Naprawiać "grzech pierworodny"
Jeśli w ramach procesu prywatyzacyjnego uda się połączyć Stocznię Gdańsk i Stocznię Gdynia, nie powinno dojść w tych zakładach do masowych zwolnień pracowników - zadeklarował wczoraj w Gdyni minister skarbu Aleksander Grad.
Kupnem Stoczni Gdynia zainteresowany jest ukraiński inwestor ISD, właściciel Stoczni Gdańsk.
"W tym programie restrukturyzacyjnym i biznesowym przygotowanym przez ISD nie ma - przynajmniej na tym etapie - pozycji, która mówiłaby o zwolnieniach i wielkości tych zwolnień" - powiedział minister na konferencji prasowej w Gdyni.
Podkreślił, że inwestor zamierza też poszerzyć działalność obu stoczni o inne rodzaje produkcji, takie jak np. platformy wiertnicze i konstrukcje mostowe. "A to jest b. optymistyczne i dla tych firm i dla załóg, bo to może gwarantować utrzymanie miejsc pracy" - dodał.
Jak wyjaśnił Grad, w planie restrukturyzacyjnym przygotowywanym przez ISD jest m.in. zgoda na ograniczenie rocznej produkcji w obu stoczniach w Gdańsku i Gdyni do 400 tys. GTC oraz likwidację niektórych pochylni. "Ten projekt jest dziś bardzo realny i możliwy do zrealizowania, a także do zatwierdzenia przez Komisję Europejską" - ocenił.
Grad zapewnił, że 26 czerwca Polska złoży w Komisji Europejskiej programy restrukturyzacyjne dla trzech stoczni: Gdańsk, Gdynia i Szczecin. Zdaniem ministra, jeśli KE zaakceptuje plan restrukturyzacyjny Stoczni Gdynia, to umowa prywatyzacyjna z ukraińskim inwestorem będzie gotowa na 15 lipca.

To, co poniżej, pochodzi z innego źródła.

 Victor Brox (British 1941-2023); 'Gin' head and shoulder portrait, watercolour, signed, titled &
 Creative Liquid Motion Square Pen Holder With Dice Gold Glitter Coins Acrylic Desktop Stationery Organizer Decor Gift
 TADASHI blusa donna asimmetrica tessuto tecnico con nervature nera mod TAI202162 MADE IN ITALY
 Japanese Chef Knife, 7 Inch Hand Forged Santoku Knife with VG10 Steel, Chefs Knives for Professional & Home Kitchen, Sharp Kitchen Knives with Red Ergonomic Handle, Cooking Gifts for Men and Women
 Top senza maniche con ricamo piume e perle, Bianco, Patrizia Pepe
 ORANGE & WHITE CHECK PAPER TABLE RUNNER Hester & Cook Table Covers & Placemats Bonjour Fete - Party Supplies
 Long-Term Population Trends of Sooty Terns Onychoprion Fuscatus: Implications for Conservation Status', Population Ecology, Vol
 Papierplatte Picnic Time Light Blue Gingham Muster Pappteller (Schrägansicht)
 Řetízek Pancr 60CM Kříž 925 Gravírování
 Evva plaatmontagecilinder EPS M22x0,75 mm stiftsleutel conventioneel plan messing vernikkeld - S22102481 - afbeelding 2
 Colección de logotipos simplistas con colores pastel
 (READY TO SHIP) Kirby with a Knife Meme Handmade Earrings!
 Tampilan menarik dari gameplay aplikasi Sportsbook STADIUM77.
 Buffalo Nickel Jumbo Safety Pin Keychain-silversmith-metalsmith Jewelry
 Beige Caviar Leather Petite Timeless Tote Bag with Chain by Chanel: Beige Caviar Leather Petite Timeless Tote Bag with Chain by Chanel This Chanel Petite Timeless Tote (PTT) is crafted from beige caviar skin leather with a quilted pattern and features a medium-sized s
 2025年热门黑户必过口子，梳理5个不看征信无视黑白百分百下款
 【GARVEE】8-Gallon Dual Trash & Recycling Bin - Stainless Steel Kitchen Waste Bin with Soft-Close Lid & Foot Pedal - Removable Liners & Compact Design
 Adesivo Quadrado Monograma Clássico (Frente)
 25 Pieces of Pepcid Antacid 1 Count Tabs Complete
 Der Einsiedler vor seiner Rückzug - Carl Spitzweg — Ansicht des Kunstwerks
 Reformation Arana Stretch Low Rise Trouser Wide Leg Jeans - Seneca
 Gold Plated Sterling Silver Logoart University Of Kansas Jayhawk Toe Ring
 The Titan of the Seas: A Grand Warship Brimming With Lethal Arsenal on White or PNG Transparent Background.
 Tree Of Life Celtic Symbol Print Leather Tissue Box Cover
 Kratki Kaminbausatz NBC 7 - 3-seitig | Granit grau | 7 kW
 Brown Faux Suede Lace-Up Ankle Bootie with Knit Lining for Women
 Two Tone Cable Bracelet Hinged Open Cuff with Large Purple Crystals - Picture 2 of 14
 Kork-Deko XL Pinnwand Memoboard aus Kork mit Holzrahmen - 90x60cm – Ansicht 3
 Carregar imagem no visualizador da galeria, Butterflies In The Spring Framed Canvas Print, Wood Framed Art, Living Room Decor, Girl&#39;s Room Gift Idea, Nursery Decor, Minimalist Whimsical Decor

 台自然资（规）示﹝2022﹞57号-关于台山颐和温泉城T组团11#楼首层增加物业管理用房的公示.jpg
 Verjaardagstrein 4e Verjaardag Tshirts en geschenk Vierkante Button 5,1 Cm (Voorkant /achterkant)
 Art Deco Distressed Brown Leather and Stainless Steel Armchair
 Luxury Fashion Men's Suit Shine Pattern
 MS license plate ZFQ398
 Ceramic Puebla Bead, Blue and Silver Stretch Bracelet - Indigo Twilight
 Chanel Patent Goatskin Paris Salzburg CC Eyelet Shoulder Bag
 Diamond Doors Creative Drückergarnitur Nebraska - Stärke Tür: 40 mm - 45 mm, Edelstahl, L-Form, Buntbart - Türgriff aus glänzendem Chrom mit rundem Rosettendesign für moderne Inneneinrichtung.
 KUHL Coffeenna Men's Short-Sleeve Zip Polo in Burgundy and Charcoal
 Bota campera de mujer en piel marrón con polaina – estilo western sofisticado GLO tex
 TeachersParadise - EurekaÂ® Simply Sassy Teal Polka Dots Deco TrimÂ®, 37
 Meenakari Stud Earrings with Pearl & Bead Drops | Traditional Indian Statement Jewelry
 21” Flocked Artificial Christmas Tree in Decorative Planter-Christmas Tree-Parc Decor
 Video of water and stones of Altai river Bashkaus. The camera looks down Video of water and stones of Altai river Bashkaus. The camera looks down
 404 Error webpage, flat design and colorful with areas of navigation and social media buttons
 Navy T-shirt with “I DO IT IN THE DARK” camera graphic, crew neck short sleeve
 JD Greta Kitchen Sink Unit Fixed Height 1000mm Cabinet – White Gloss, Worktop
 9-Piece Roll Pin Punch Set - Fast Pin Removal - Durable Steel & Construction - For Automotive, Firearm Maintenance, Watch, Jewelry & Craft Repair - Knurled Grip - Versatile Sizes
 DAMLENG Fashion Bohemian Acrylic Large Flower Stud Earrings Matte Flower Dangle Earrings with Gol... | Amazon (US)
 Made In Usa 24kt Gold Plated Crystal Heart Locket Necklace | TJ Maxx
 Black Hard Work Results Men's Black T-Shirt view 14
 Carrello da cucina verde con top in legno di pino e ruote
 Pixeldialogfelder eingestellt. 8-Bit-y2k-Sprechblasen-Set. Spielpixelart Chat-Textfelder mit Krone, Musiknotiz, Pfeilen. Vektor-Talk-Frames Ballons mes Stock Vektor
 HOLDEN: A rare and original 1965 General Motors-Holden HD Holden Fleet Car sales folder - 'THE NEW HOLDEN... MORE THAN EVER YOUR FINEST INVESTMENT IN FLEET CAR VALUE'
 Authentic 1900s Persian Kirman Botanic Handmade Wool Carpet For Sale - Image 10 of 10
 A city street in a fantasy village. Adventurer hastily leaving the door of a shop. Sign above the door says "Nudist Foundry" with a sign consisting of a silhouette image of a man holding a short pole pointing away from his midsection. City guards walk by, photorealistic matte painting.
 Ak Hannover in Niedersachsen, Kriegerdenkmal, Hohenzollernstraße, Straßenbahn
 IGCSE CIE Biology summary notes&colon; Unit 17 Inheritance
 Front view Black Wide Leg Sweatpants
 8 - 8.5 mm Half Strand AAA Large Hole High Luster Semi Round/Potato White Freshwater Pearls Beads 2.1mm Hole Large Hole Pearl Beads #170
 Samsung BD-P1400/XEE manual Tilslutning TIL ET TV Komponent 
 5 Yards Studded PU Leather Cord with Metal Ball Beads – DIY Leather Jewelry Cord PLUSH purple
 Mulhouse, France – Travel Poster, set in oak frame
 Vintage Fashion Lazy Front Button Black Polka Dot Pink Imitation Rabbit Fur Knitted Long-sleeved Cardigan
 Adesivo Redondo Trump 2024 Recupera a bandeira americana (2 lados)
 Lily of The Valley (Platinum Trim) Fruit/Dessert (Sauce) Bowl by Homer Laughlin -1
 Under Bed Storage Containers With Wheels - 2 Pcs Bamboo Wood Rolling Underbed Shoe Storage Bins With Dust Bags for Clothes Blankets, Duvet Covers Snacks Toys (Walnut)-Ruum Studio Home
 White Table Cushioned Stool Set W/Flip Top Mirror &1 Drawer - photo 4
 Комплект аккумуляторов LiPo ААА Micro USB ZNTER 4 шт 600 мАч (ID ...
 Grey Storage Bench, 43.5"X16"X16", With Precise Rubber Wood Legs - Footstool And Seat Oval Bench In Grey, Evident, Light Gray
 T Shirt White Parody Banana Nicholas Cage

Minister skarbu państwa skrytykował związki zawodowe z gdańskiej stoczni, które w piątek w Warszawie zorganizowały manifestację. Protestujący żądali od rządu dokładnego rozliczenia pomocy publicznej przekazanej zakładowi. Ich zdaniem, do stoczni dotarło około 50 mln zł, a nie - jak uważa Komisja Europejska - ponad 700 mln zł pomocy.
"Żałuję, że tak głośno nie protestowali przed wyborami, kiedy była finalizowana prywatyzacja Stoczni Gdańskiej. Nie słyszałem, żeby wtedy upominali się o to, aby powstał taki program restrukturyzacyjny dla tej stoczni, by przyjęła go Komisja Europejska i który gwarantowałby to, że nie będzie trzeba zwracać pomocy publicznej. To jest grzech zaniedbania poprzedniego rządu" - powiedział Grad.
Grzech pierworodny?
Dodał, że obecny rząd musi naprawiać "błąd pierworodny", jakim było rozdzielenie obu stoczni. "Ambicje polityczne zwyciężyły nad gospodarką, nad myśleniem biznesowym i dziś mamy przez to kłopoty, więc niech się dziś stoczniowcy z Gdańska biją we własne piersi i wytłumaczą swoim załogom, dlaczego do tego doprowadzili. To jest ich wina" - uważa Grad.
Minister podkreślił, że w kwestii różnicy wysokości pomocy publicznej dla Stoczni Gdańsk wszystkie strony mają rację. "Bo prawo europejskie mówi, że pomoc publiczna liczona jest w wartościach nominalnych. Komisja Europejska za pomoc publiczną uważa wszystko to, co nawet było przyrzeczone, a nie było faktyczne wykonane. Traktuje jako pomoc publiczną w wartościach nominalnych całe kwoty ubezpieczeniowe zaliczek armatorskich, gwarancji kredytowych" - wyjaśnił.
"Natomiast jeśli uda nam się uzgodnić program restrukturyzacyjny dla dwóch stoczni i szczęśliwie doprowadzić do finału proces prywatyzacyjny, to ten problem zniknie sam" - zaznaczył minister.